> **Problem description**
Would you please give the entries again word for word, with no images in your copy?

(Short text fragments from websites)
- Opening Delimiter -

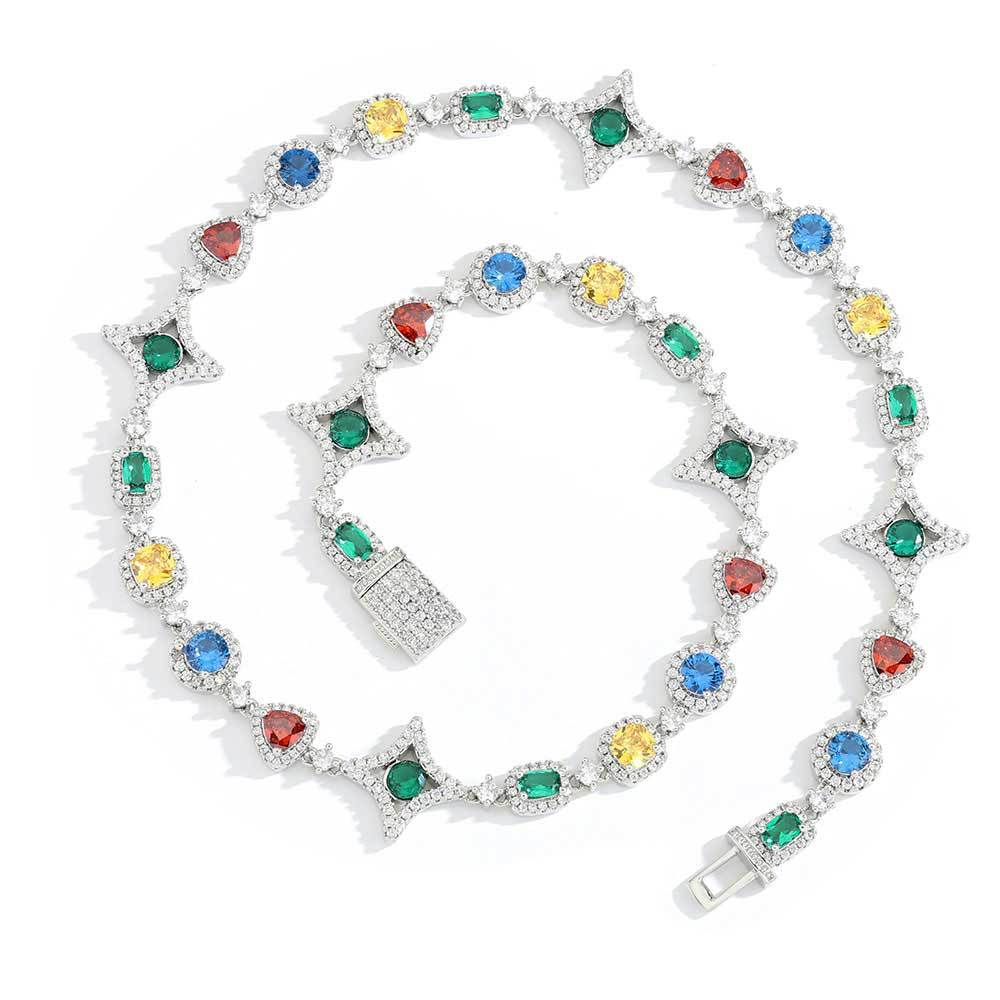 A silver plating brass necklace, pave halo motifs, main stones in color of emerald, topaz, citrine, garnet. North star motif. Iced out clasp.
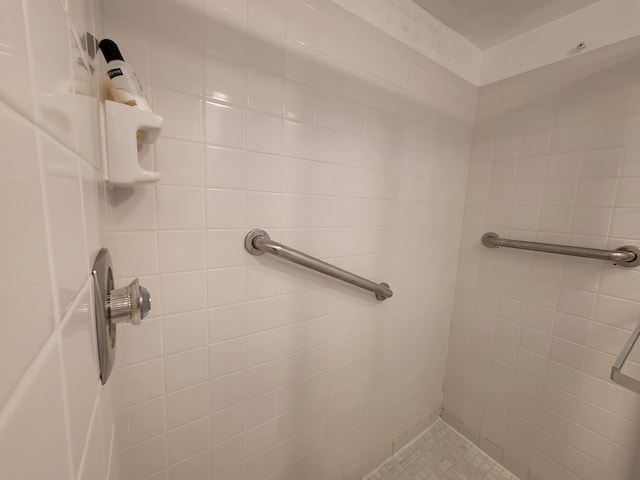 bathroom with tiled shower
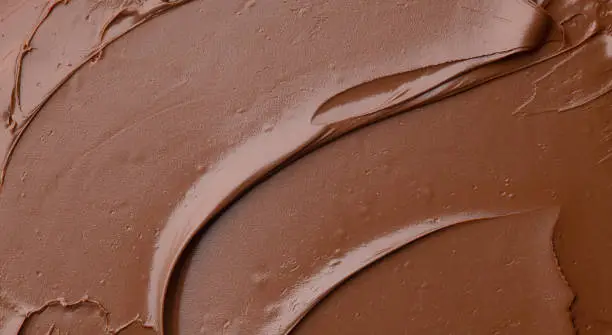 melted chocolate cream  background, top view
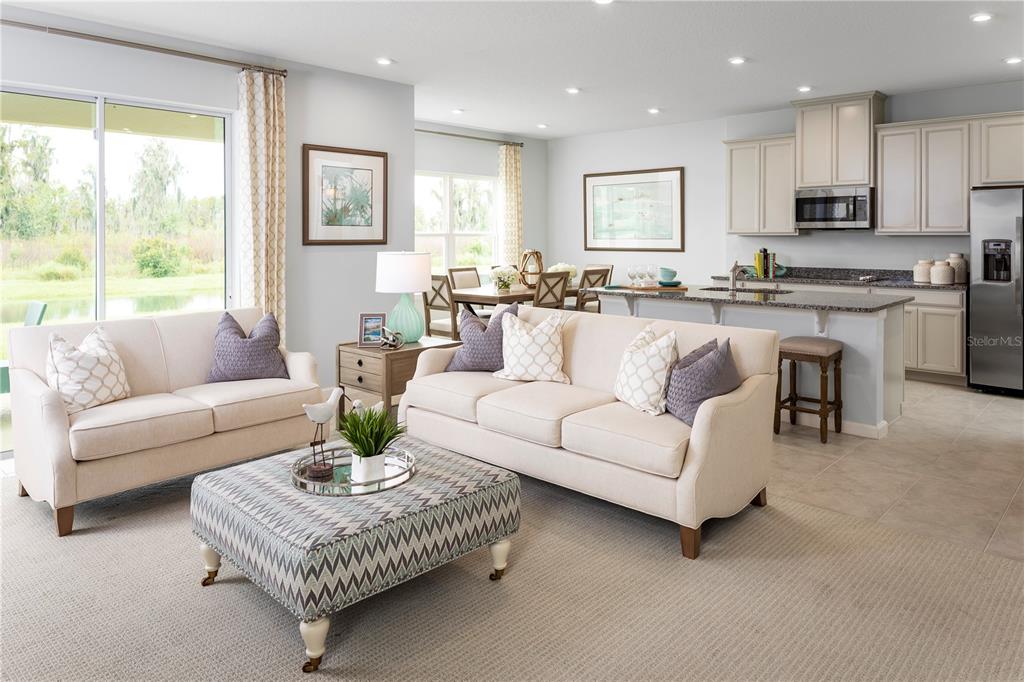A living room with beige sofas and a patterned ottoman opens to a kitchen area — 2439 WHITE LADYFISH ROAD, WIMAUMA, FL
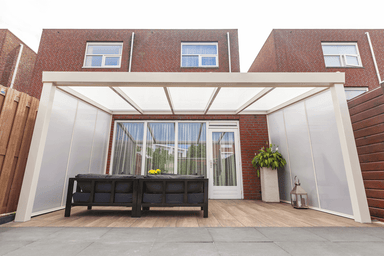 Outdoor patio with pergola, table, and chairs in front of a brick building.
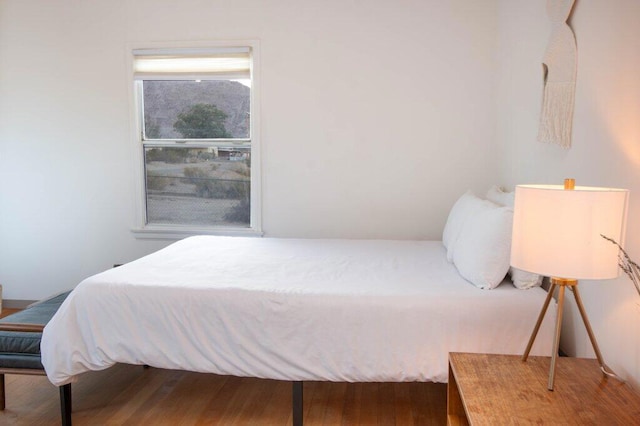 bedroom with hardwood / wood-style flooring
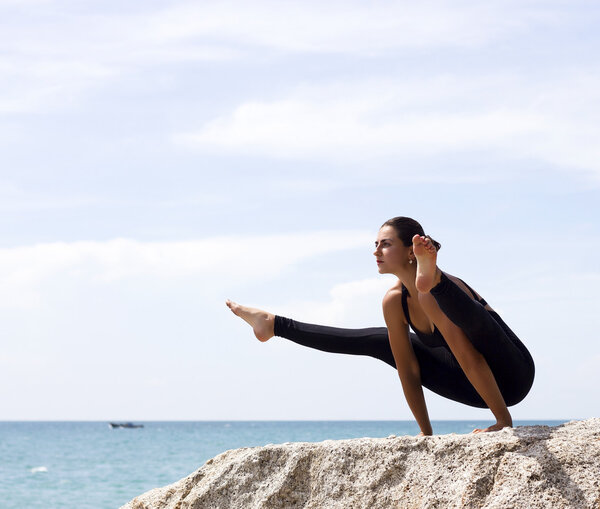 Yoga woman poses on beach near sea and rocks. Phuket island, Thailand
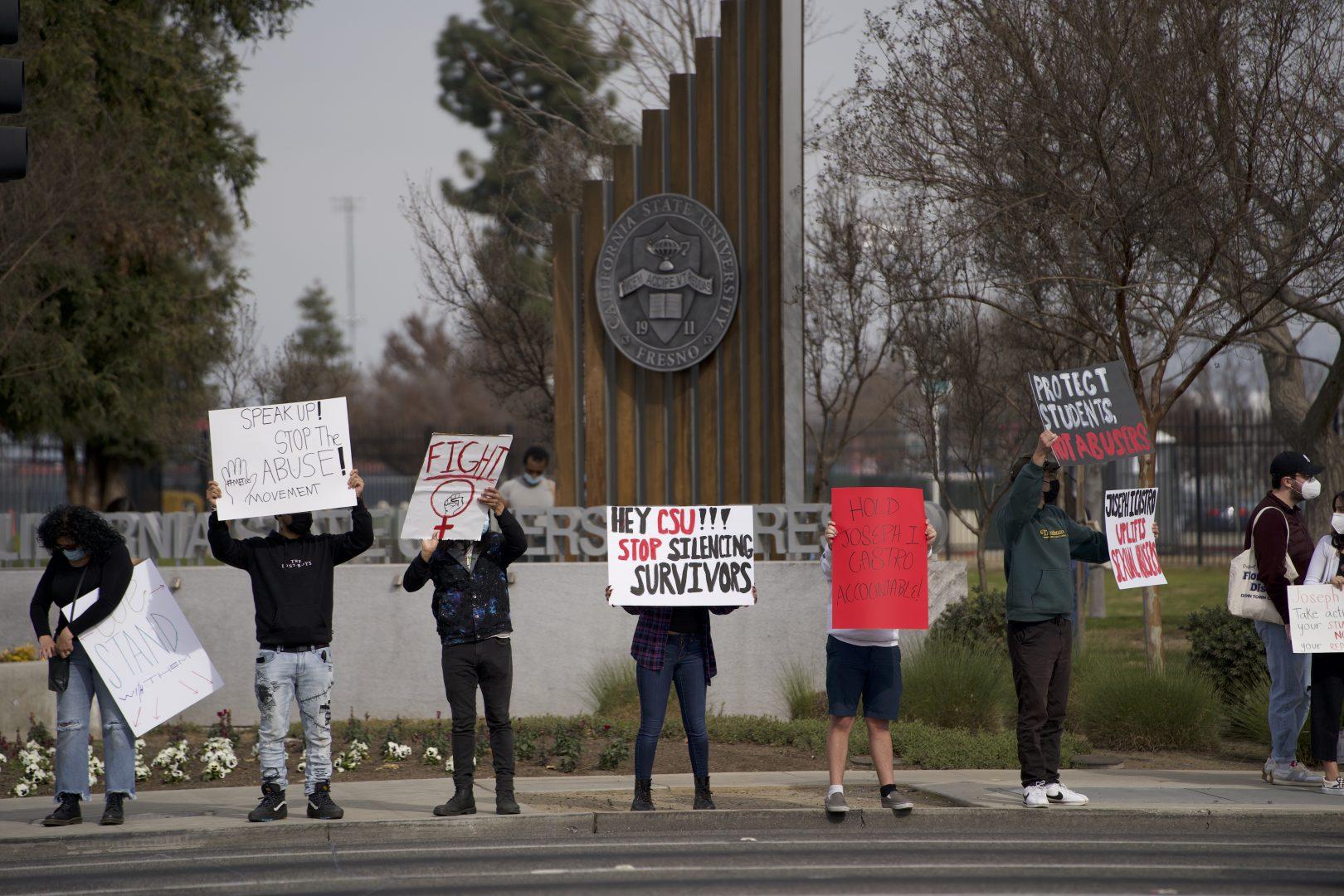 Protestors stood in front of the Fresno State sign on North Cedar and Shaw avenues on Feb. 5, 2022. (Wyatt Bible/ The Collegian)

- Closing Delimiter -

> **Response box**
 A silver plating brass necklace, pave halo motifs, main stones in color of emerald, topaz, citrine, garnet. North star motif. Iced out clasp.
 bathroom with tiled shower
 melted chocolate cream  background, top view
A living room with beige sofas and a patterned ottoman opens to a kitchen area — 2439 WHITE LADYFISH ROAD, WIMAUMA, FL
 Outdoor patio with pergola, table, and chairs in front of a brick building.
 bedroom with hardwood / wood-style flooring
 Yoga woman poses on beach near sea and rocks. Phuket island, Thailand
 Protestors stood in front of the Fresno State sign on North Cedar and Shaw avenues on Feb. 5, 2022. (Wyatt Bible/ The Collegian)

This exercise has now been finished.